|A Steampunk Vision of the New World Order|
It is, in the end, rather odd that the significant English-speaking nations are not united, especially given their proven talent for creating federations. You will laugh, of course. The idea of a united Anglosphere died with the United Empire movement in the 1920s, didn't it? Instead, we all broke up into independent states.
I imagine, though, the preference for independence may have had something to do with always having the good fortune to have one of our number at our back as the world's leading nation. This so, there was little need to unite, and some advantage to complete self-government.
Suppose, though, that China does get close to surpassing the US in economic or military power. What then? Might things then look a little different? Just as Europe, after centuries of fierce fighting, saw the wisdom of unity over being superceded by Russia and America?

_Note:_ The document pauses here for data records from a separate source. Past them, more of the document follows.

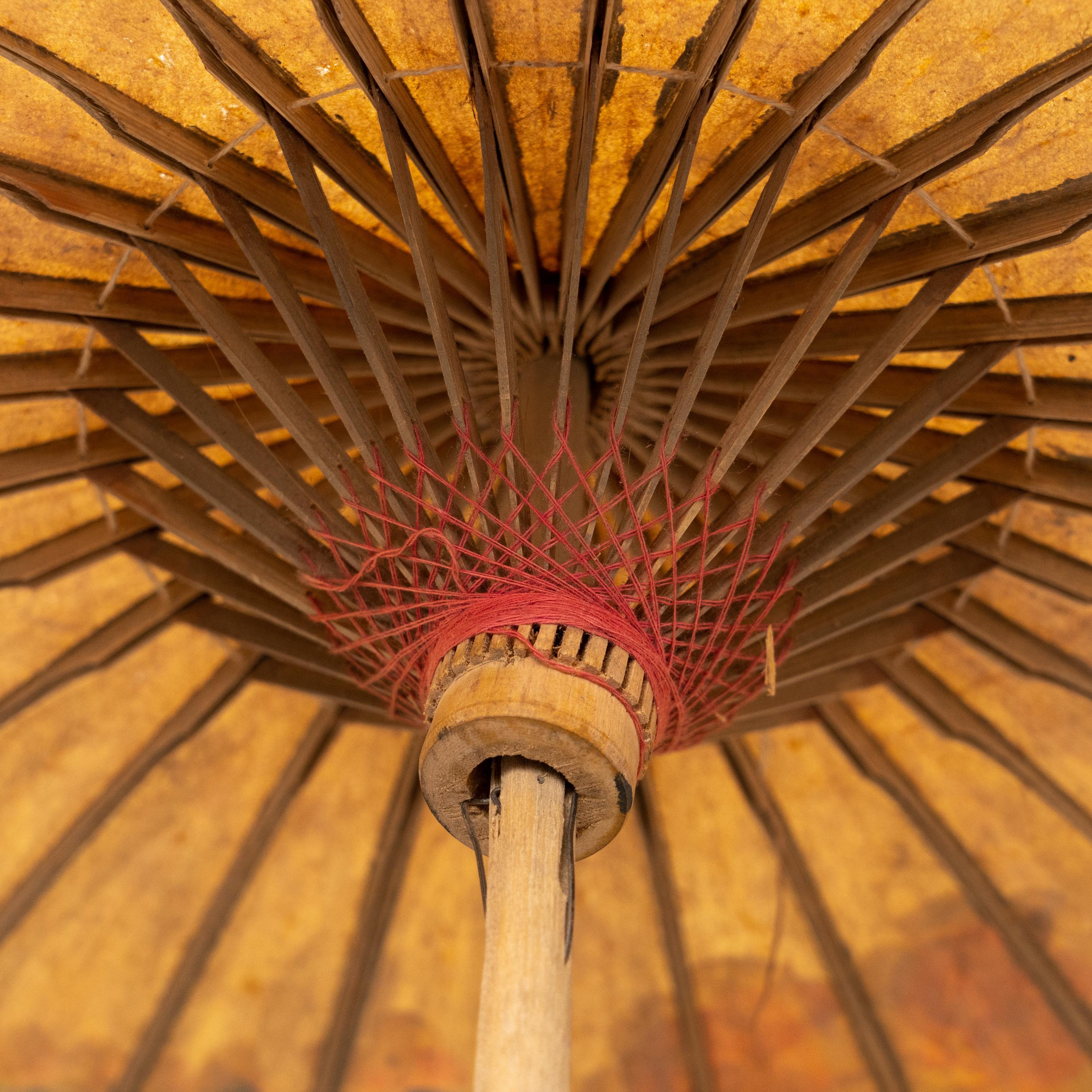 Handbemalter Bamboo Umbrella, um 1950 im Angebot 10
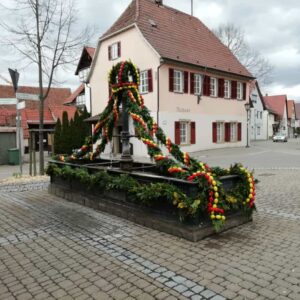Mittwoch, 29.03.2023 – Girlanden binden für den Osterbrunnen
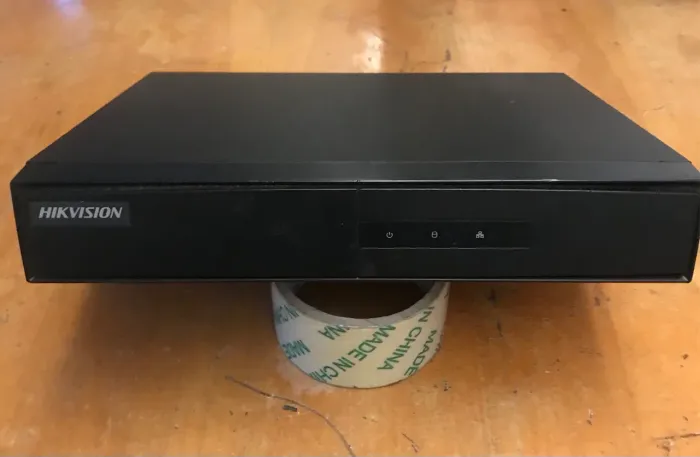 Dvr hikvision 16 câmeras 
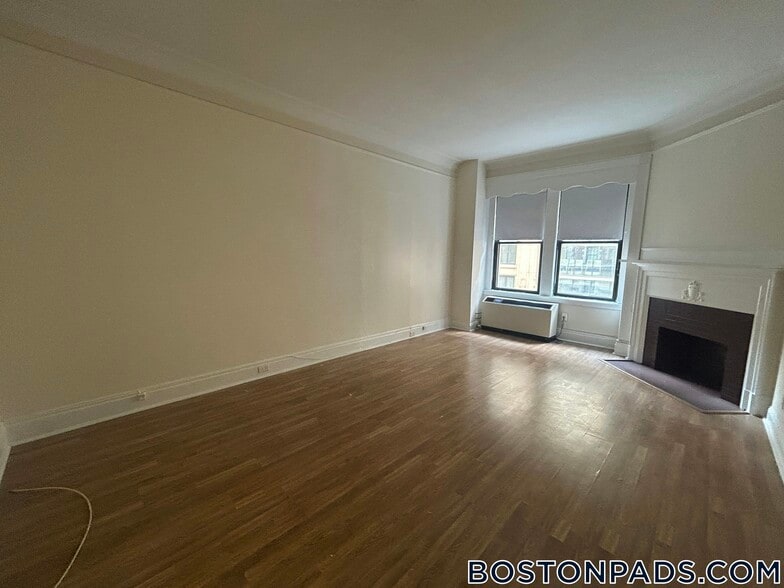 Building Photo - 62 Boylston St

Speaking of which, of course, there is also the awkward fact that Britain has already committed itself to a different union, the EU. But then, isn't the EU starting to look a little frayed? Some are actuallty speaking of it coming apart over the current sovereign debt crisis. Even if it does not, if the rest of the English-speaking world began to coalesce, could Britain stand to be left on the sidelines?
So why not a grand federation, with an Imperial Parliament, after all? It might have been impractical in the 1920s. Improved transportation and communicatrions make it much more doable now. As with the EU, members might retain most sovereignty, but speak with one voice on trade, in defense, and in foreign affairs.
I theorize four qualifications for membership in this federation, with prospective members needing to meet three of the four.
First, English should be either the majority language or the de facto lingua franca. This for the sake of social cohesion. It more or less automatically implies some shared culture: a shared legal tradition, some shared history.
Second, the nation should be a functioning democracy with respect for basic human rights. We want to avoid a dictator's club, for all the reasons the United Nations is ineffective. Moreover, given this requirement, the union could serve as a guarantee of democracy and human rights for all member citizens.
Third, the nation should be an island or peninsula. This is important for defensibility, with the assumption that the union would be primarily a sea power. Otherwise, a military union might get itself into commitments it could not afford to keep.
I would add a fourth qualification, personally: that a majority of the citizens of any member state should be declared monotheists. I think this is important as a guarantee of shared values, without which the federation as a whole would lack direction, principle, or cohesion, and is the practical bare minimum in this regard.
Who would be in the federation? Britain, of course: if it could be teased out of the EU. Ireland too, on the same condition. Just as the EU protects it from undue influence from the UK, so would this alternative. Australia and New Zealand plainly qualify. The USA fits, but for not being a peninsula. Canada, with or without Quebec; an assortment of Caribbean islands, from the Bahamas to Trinidad. It looks to me as though the Philippines could get in, and ought to be welcome. Singapore seems to qualify as well. India looks like a marginal possibility.
A pretty formidable nation, if it were fully coordinated. One on which the sun might never set.
I hold out for Detroit as capital. Defensible, on the border with Canada, and lots of cheap real estate.